The conventional wisdom is that Taiwan should be very concerned about Chinese aggression. After the disastrous American pullout from Afghanistan, Russia immediately started increasing its forces around Ukraine, leading to the current invasion. This leads analysts to suggest that an aggressive move by the Chinese regime will happen sometime soon. Even before the Russian invasion, Taiwan was anticipating “more severe” struggles with China in 2022. And some analysts predict that Chinese leader Xi Jinping will need an invasion to solidify his rule.

But there is some hope in the current situation. The severe struggles of the Russian army suggest the invasion might be a cautionary tale for aggressors like Russia and China, and not their victims like Ukraine and Taiwan.

The consensus thus far is that the Russian invasion has gone badly. The Ukrainian military and people have put up stiffer resistance than Russia expected. The Russian military has failed to achieve major goals (at the time of this writing), including the seizure of major cities like Kyiv, Kharkiv, and Mariupol. Despite only being a few days into the conflict, the Russian army already faces morale and supply issues. The poor performance of the Russians provides specific examples of how badly a Chinese invasion of Taiwan might play out.

This first example is the lack of good Russian junior leadership and poor soldiering in general. (This might sound familiar as it is one of the items I listed before the Russia-Ukraine war broke out.) The lack of good junior officers is a long-term organizational failure of the Russian forces. Unlike the American forces that have good training of its recruits and retention of junior leadership, the Russian conscripts are hazed to the point that they are just as likely to frag their fellow soldiers than reenlist.

This means that the Russian army is often led by senior conscripts—those who are leaving the service shortly but have been around long enough to have some basic competency. But that is hardly the skill level needed to excel in a combat environment. That is why Russian tanks, for example, are suffering surprising losses. It sounds counterintuitive, but armor is only effective when used in combination with a screening force of infantry. But the latter don’t want to exit their armored transports. This makes the tanks easy targets for the anti-tank missiles that the United States flooded Ukraine with.

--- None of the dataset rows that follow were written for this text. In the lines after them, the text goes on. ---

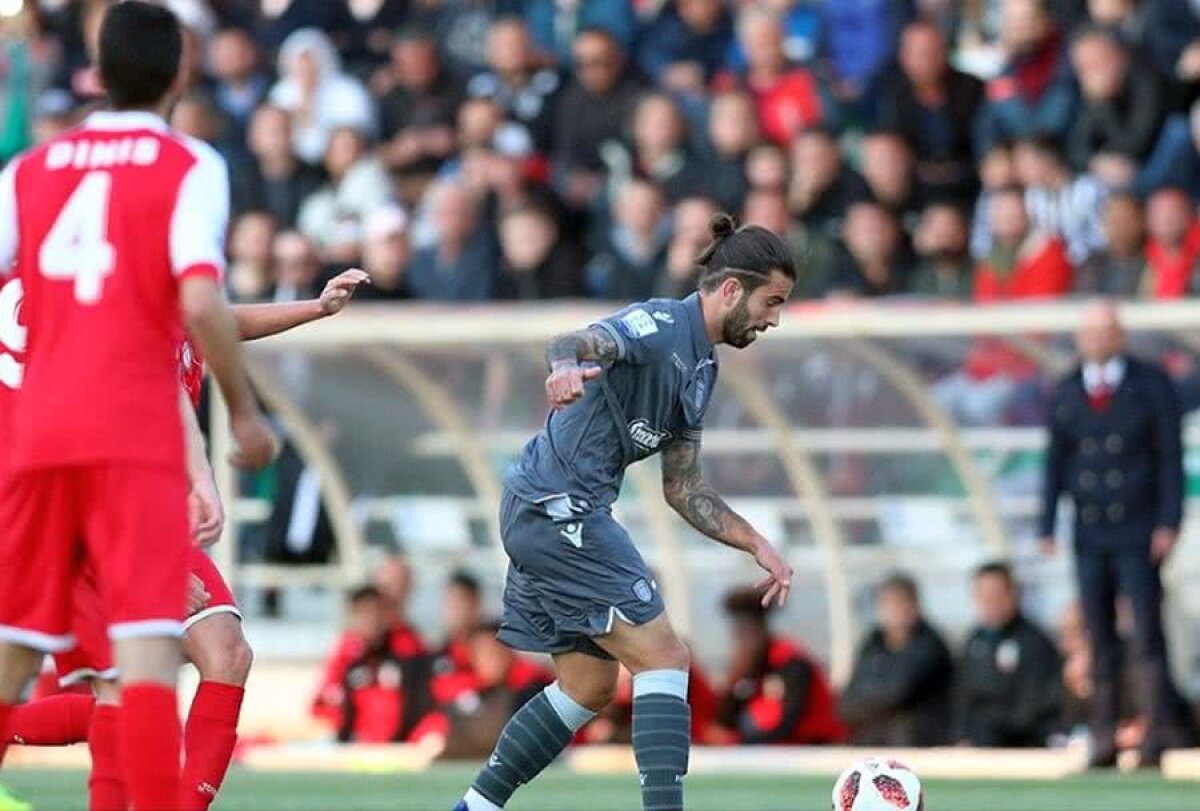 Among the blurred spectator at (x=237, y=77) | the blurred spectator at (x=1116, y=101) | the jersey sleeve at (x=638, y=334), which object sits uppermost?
the blurred spectator at (x=237, y=77)

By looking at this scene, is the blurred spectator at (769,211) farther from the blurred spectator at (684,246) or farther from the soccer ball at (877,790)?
the soccer ball at (877,790)

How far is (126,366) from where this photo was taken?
231 inches

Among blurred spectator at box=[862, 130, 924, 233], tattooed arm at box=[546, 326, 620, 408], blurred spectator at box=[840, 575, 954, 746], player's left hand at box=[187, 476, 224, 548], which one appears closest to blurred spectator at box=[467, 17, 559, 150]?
blurred spectator at box=[862, 130, 924, 233]

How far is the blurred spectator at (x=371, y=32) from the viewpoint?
18.7 metres

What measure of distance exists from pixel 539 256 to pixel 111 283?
399 inches

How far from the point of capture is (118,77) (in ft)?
19.7

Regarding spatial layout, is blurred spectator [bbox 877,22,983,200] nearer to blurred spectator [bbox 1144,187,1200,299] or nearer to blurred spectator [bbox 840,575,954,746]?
blurred spectator [bbox 1144,187,1200,299]

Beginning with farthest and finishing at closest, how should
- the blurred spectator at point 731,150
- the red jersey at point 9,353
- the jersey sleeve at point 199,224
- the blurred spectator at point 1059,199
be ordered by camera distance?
the blurred spectator at point 731,150 < the blurred spectator at point 1059,199 < the red jersey at point 9,353 < the jersey sleeve at point 199,224

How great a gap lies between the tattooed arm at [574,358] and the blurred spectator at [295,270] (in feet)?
28.1

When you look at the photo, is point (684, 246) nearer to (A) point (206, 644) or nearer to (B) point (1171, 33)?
(B) point (1171, 33)

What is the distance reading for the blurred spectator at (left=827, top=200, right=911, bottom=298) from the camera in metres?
15.1

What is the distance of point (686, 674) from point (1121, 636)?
690cm

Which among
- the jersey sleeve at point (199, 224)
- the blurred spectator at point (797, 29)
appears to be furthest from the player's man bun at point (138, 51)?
the blurred spectator at point (797, 29)

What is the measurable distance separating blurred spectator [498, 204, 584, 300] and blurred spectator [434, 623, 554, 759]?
7.12 ft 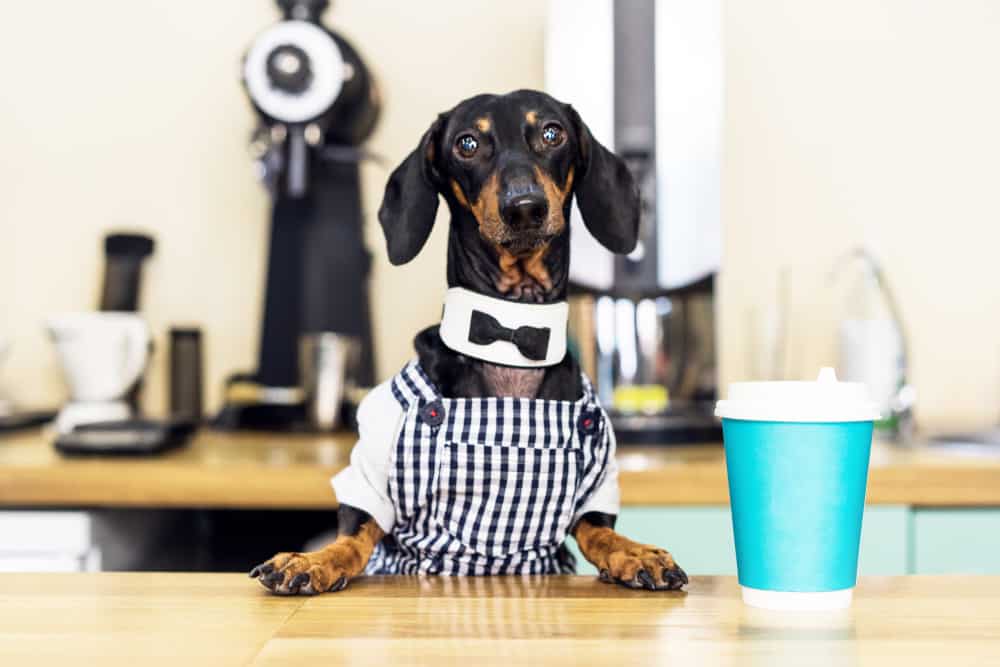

And the Russians have not yet entered dense urban areas, where tanks are even more vulnerable.

Epoch Times Photo
Smoke rises from a Russian tank destroyed by the Ukrainian forces on the side of a road in Lugansk region on Feb. 26, 2022. (Anatolii Stepanov/AFP via Getty Images)

China’s modern People’s Liberation Army (PLA) has retention problems and junior officers are likely going to be more afraid of making mistakes than the enemy. Historically, China had trouble establishing an effective modern army. During China’s self-strengthening period, the late Qing Dynasty was wealthy, and it had proactive ministers and governors who bought the best modern equipment and they established training schools. But building a winning culture filled with effective soldiers, non-commissioned officers (NCOs), and logistical officers remained difficult.

With limited supply, poor leadership, and lack of coordination, the Chinese forces will have an even more difficult time invading Taiwan. China’s analysts admit they have severe problems with joint operations. Tanks working with infantry is one relatively minor problem in combined arms fighting. China, in contrast, will have to coordinate multiple branches to complete a sudden invasion of Taiwan.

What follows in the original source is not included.